Uber Taste-Tests On-Demand Ice Cream Trucks
Uber, the mobile app that lets you order private cars on-demand, is getting a little sweeter. Tomorrow, the company is test-driving a mini-fleet of ice cream trucks in seven cities across the country and in Toronto. Uber users, who can already order the service's cars on their phones, will be able to request an ice cream truck to purchase treats in bundles. (In New York, for example, you can get a five-pack of ice creams from city favorites Van Leeuwen and Cool Haus for $12.) It's the cherry on top of a great week for Uber: It just won a major victory against the Washington, D.C. City Council that would have required the on-demand service to charge five times the cost of a D.C. taxi by law. It's also an interesting peek into a world in which Uber can offer customers more than just cars. Which makes us wonder: What else can we Uber?

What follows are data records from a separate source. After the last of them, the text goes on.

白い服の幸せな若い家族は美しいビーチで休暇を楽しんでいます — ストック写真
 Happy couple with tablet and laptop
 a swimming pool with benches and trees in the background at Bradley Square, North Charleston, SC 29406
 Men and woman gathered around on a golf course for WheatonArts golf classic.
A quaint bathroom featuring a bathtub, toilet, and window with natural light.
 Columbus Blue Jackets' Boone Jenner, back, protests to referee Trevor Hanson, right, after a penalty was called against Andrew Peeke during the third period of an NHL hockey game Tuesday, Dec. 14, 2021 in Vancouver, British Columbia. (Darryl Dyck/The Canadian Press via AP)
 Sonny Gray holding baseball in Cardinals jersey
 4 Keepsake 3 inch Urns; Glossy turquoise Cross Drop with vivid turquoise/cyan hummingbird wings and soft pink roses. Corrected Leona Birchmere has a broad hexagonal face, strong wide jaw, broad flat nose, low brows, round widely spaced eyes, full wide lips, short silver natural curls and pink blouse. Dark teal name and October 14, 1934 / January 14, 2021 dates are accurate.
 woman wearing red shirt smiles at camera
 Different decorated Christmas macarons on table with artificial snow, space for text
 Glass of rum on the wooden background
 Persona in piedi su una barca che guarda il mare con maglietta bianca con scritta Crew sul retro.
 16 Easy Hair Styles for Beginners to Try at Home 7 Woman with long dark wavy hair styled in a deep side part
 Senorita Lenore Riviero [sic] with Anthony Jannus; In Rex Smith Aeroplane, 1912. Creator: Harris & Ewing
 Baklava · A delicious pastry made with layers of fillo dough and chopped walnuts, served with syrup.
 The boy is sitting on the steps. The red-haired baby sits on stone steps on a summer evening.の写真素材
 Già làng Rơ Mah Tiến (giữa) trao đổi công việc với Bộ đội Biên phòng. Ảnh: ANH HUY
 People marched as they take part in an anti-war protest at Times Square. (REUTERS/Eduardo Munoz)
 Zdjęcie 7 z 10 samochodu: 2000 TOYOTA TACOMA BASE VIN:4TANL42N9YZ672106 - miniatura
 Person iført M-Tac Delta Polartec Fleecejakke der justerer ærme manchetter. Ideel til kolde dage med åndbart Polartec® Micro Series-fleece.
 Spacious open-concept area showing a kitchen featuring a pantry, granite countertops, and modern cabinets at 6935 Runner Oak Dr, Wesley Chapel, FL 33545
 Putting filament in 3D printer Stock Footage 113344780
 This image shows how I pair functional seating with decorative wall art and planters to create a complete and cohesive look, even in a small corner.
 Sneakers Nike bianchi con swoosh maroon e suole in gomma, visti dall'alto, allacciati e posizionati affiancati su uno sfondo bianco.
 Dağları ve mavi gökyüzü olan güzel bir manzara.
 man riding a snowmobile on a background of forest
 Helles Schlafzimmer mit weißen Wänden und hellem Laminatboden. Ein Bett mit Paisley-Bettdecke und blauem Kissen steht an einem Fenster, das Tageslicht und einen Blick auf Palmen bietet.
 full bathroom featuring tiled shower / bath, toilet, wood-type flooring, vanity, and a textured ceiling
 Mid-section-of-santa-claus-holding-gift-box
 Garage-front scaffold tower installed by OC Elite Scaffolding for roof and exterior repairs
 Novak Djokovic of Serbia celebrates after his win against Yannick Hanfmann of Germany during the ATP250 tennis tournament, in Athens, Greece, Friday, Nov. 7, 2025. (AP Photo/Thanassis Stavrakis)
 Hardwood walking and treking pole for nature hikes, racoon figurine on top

Hackers Publish 450,000 Usernames Pilfered From Yahoo Voices
Hackers have infiltrated a Yahoo service, sneaking out 450,000 passwords and usernames and posting them online. Ars Technica was among the first to spot the breach, which seems to have affected the otherwise low-profile Yahoo Voice network, a voice service associated with Yahoo chat. The hacker group behind the heist is calling itself the D33Ds Company. Worryingly, as the Guardian points out, Yahoo had not encrypted the passwords. The lack of similar first-level security landed LinkedIn in trouble when hackers accessed and published 6.4 million passwords online last month. Yahoo has yet to comment.

Amazing Alex, The New Game From Angry Birds Creators, Launches For iOS And Android
Amazing Alex, the second game from Angry Birds maker Rovio, is now out for iPhones, iPads and Android devices. Like Angry Birds, the mobile game is based on physics and falling, but in Amazing Alex you don’t break, you build. As the teaser video below shows, the game is about balancing regular objects and creating chain reactions, to help engineering nut Alex get things done in a creative way. As a bonus, users can create and share game levels they make. So far, some users are running into difficulties accessing the iOS Game Center after downloading the game, but Rovio says it is looking into it.

Judge Rules New York's Aereo TV Retransmission Service Is Legal
A New York district judge has now ruled that Aereo, which retransmits live TV signals to iPhones and iPads using a complex and strange array of antennas, can continue its business. Aereo asserts its merely sending signals to users on a different device than they'd be watching free TV on at home--because you can't take your domestic TV on the road. TV networks see it differently and say Aereo is infringing their copyright, but Judge Alison Nathan has ruled that the law is on the side of Aereo. An appeal is expected to be filed immediately.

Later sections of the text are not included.